In nature, animals that are able to stop a tactic when it isn't working are more likely to survive. People with depression have a harder time disengaging, however, as they tend to overcommit themselves to goals. This is why perfectionists are at higher risk for mental illness than people who can separate and change course when they need to do so. It makes sense when you think about it. The more stubborn I am about getting up at 6 a.m. to do yoga, the worse I feel about hitting the snooze button over and over. Whoops.

Bad mood is not a character flaw.

The reality is that we wouldn't have such a spectrum of moods if the lower end didn't serve some sort of purpose. We hunker down when things get rough, so it's only natural our bodies would try and conserve energy when we're depressed. Our evolutionary heritage built us to think and react to a decreased mood, but what helped us survive on the savannah doesn't necessarily keeping us whistling to the radio on our commute to work.
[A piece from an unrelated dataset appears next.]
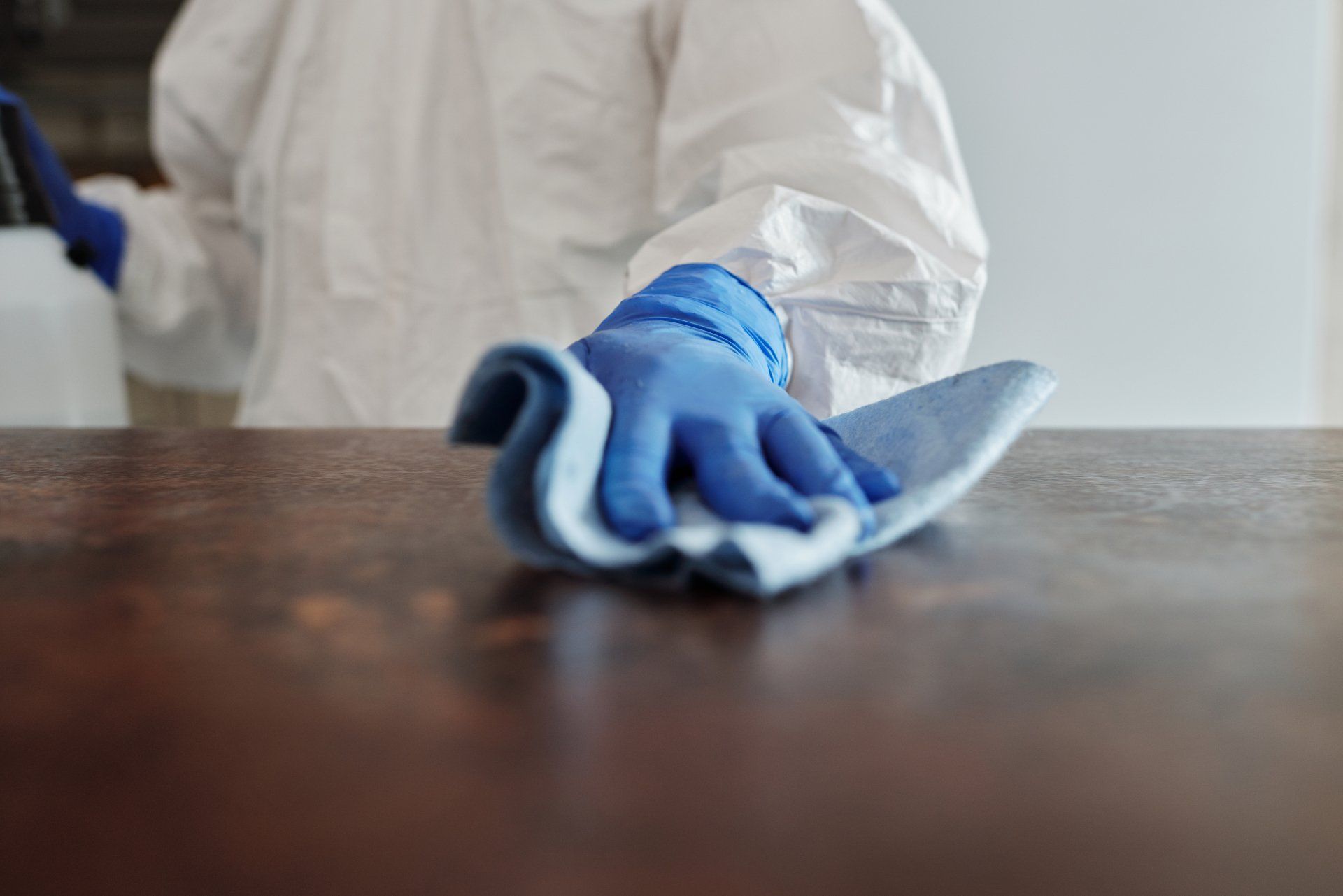 Main gantée essuyant une table en bois avec un chiffon bleu, gros plan dans une scène de nettoyage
By treating negative feelings like they are just symptoms to be cured or ghosts to be busted, we may actually be feeding them like stray cats. People are at lower risk for depression when they are able to accept negative feelings when they happen, rather than beat themselves up about not being able to change their mood. In other words, they don't feel bad about feeling bad. Self-blame about mood is a distinctly human phenomenon. Your dog doesn't feel bad about being pouty, does he? He just owns it.

We should take wellness seriously, and be creative.

We spend a lot of time gathering ingredients for happiness, but we don't take mental health as seriously as we should. By fixating on treating depression with the medical model rather than a wellness model, we miss an important piece of the puzzle. In short, we lack the flexibility and creativity needed to live the best life.

So rather than aiming for sheer bliss seven days a week, or even a static chipper mood, science hints that a better goal for yourself is adaptability. This means being willing to change course and pivot when a strategy isn't working. And above all, practicing self-compassion when you can't lift yourself out of the depths and need to ask for help.

In the grand scheme of things we are destined to skate back and forth across the spectrum of emotions. A world of perpetually happy people is a world without plot, a world without Shakespeare or another Shonda Rhimes pilot. So we might as well stop pretending that there are "5 Easy Ways" to stop what defines our humanness. There's nothing simple about us, and that's what makes us such a great story.